Mais l’encadrement de cette pratique n’est pas chose impossible pour le législateur qui est déjà en chemin en reconnaissant la dot comme une pratique légale.

Aussi, faut-il souligner un autre aspect crucial dans l’autorisation de la dot. Il s’agit des mésententes et des différends pouvant naître entre les futurs époux ayant fait la dot, mais ne se sont pas encore présentés à l’officier d’état civil pour une union légale. Si avant le mariage légal, l’un des époux commet une faute rendant impossible la poursuite du lien, ou l’un d’entre eux décide de se rétracter. Le partenaire frustré peut-il saisir le juge pour se faire entendre conformément à la loi sur le mariage ?

La réponse ne saurait être affirmative car une telle union n’est pas légale. C’est donc du concubinage. Pourtant la loi reconnaît la dot et autorise à ce que les biens soient versés en guise de dot. Il y a alors un imbroglio sur le régime juridique de la dot.

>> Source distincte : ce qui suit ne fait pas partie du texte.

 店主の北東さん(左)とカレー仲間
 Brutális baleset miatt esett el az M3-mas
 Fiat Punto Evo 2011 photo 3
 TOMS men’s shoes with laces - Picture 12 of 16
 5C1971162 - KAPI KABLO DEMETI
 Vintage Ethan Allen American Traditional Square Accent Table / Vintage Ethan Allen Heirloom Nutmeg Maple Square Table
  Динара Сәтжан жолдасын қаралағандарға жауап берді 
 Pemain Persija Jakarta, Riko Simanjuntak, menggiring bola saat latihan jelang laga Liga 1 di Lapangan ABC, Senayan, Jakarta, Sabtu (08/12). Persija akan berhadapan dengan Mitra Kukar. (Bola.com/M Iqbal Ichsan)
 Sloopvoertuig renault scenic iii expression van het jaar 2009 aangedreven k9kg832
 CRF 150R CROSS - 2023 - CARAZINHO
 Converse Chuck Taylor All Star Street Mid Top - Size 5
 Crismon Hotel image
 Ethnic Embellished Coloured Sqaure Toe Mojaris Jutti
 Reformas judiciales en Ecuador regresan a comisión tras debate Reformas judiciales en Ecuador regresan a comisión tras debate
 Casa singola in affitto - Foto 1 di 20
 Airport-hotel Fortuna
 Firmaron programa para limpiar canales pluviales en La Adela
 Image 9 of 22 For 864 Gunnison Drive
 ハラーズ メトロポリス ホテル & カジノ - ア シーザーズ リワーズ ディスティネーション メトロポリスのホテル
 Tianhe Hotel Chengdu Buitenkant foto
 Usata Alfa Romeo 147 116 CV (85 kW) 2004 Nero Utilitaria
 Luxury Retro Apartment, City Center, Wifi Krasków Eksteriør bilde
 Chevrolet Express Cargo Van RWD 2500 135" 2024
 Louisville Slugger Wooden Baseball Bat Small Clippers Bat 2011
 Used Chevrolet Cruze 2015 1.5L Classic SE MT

Prohibée par la loi n 64-381 du 7 Octobre 1964 sur le mariage, la dot est aujourd’hui une pratique légale selon les termes de l’article 104 de la loi de juin 2019 sur le mariage. Le législateur a certes légalisé cette pratique relevant de la tradition. Mais beaucoup reste à faire en vue de prendre en compte tous les contours de la dot. Il faut donc un régime juridique clair de cette pratique traditionnelle.